*** PROVIDED DATA ***

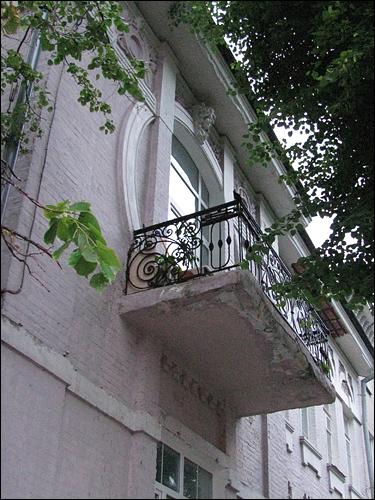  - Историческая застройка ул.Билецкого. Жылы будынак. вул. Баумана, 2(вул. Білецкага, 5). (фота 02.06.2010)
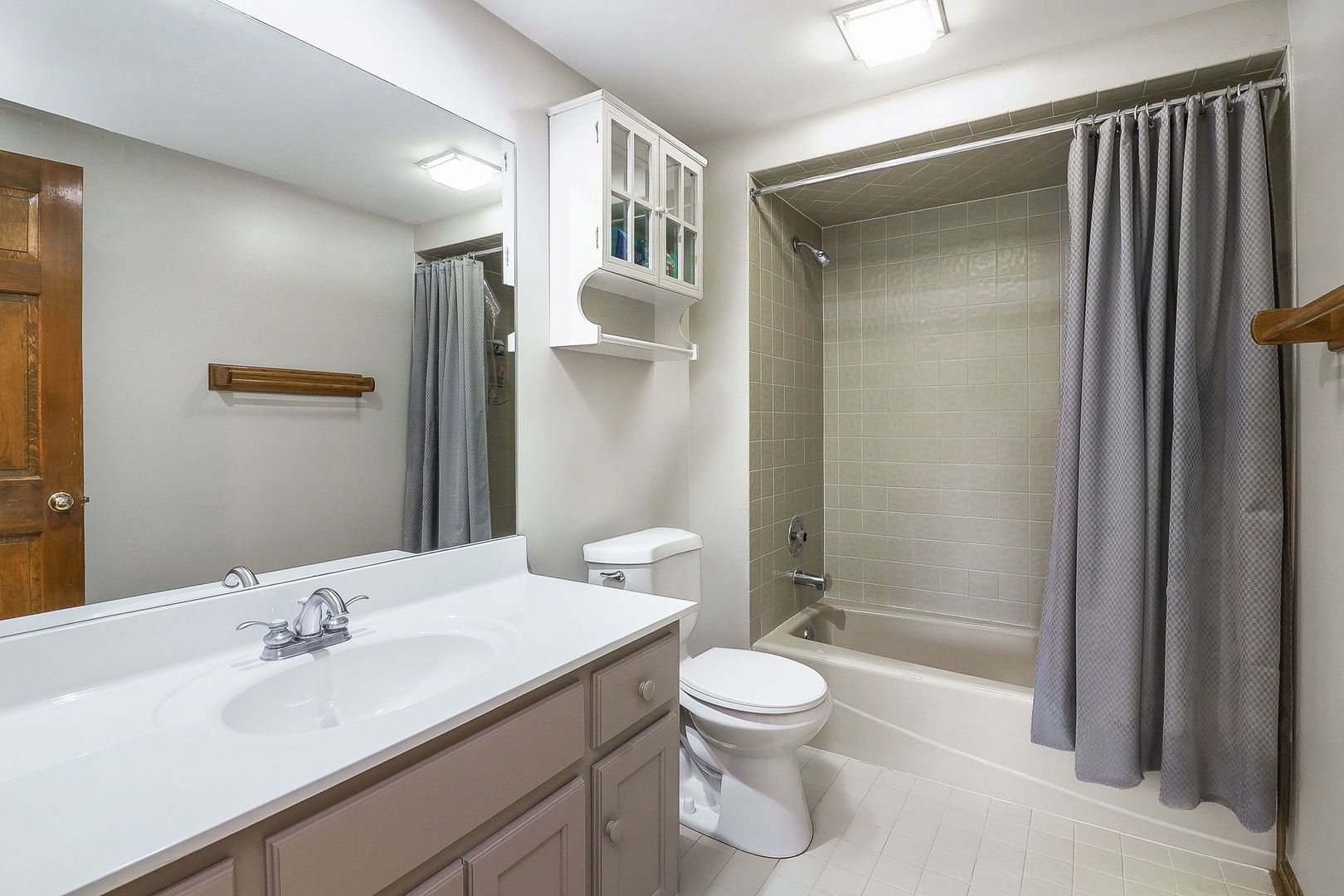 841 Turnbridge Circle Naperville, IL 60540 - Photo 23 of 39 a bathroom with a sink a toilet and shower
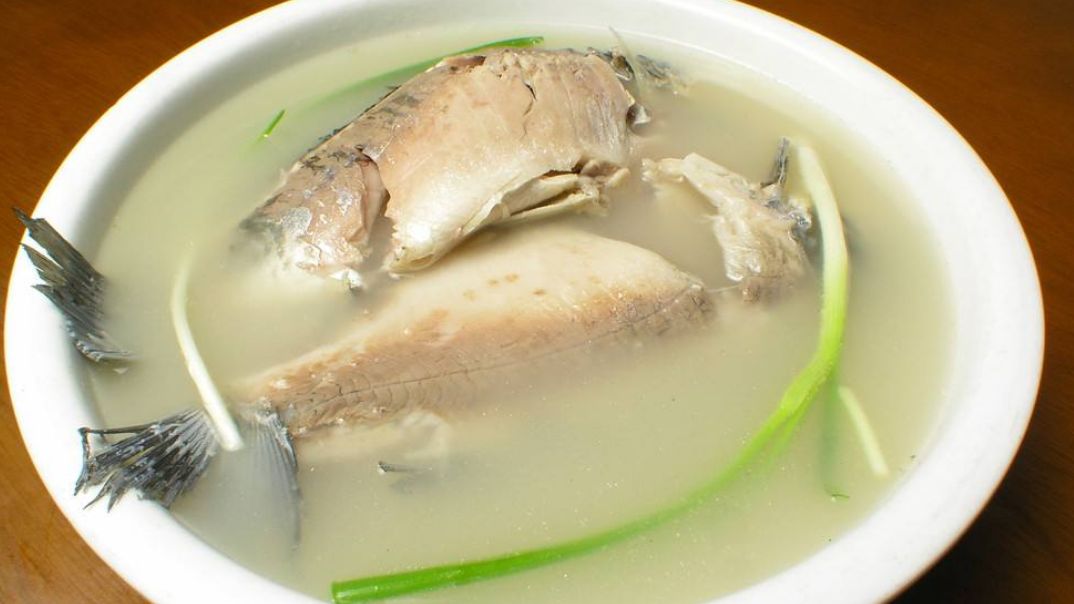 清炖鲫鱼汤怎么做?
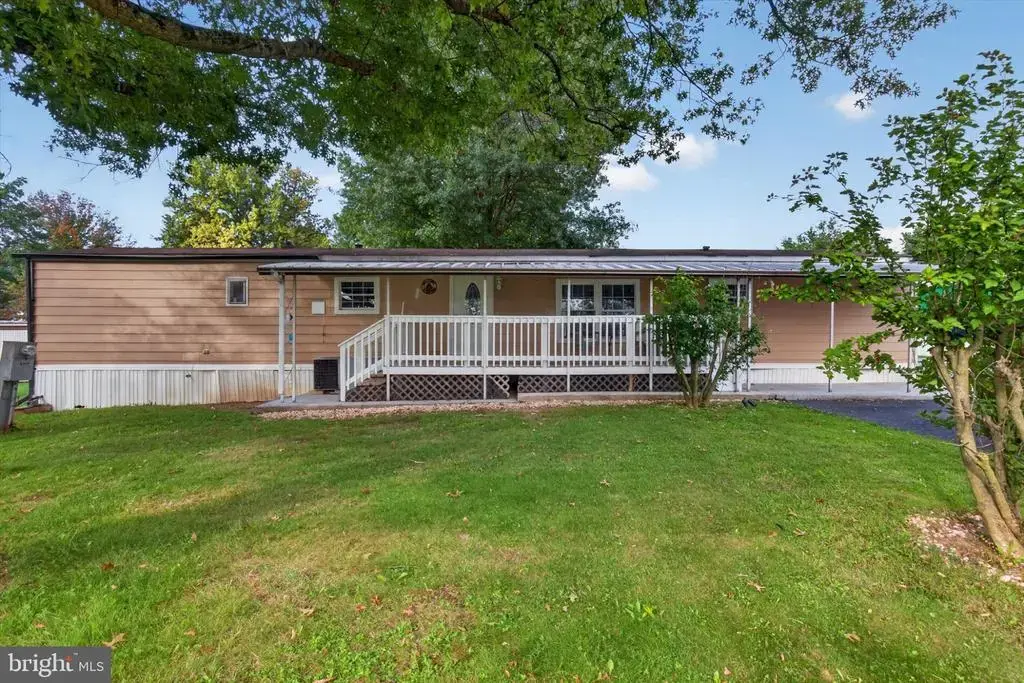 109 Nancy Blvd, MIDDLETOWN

*** End of PROVIDED DATA ***

Omit the pictures and reproduce the listing exactly.

▶ ANSWER BOX
  - Историческая застройка ул.Билецкого. Жылы будынак. вул. Баумана, 2(вул. Білецкага, 5). (фота 02.06.2010)
 841 Turnbridge Circle Naperville, IL 60540 - Photo 23 of 39 a bathroom with a sink a toilet and shower
 清炖鲫鱼汤怎么做?
 109 Nancy Blvd, MIDDLETOWN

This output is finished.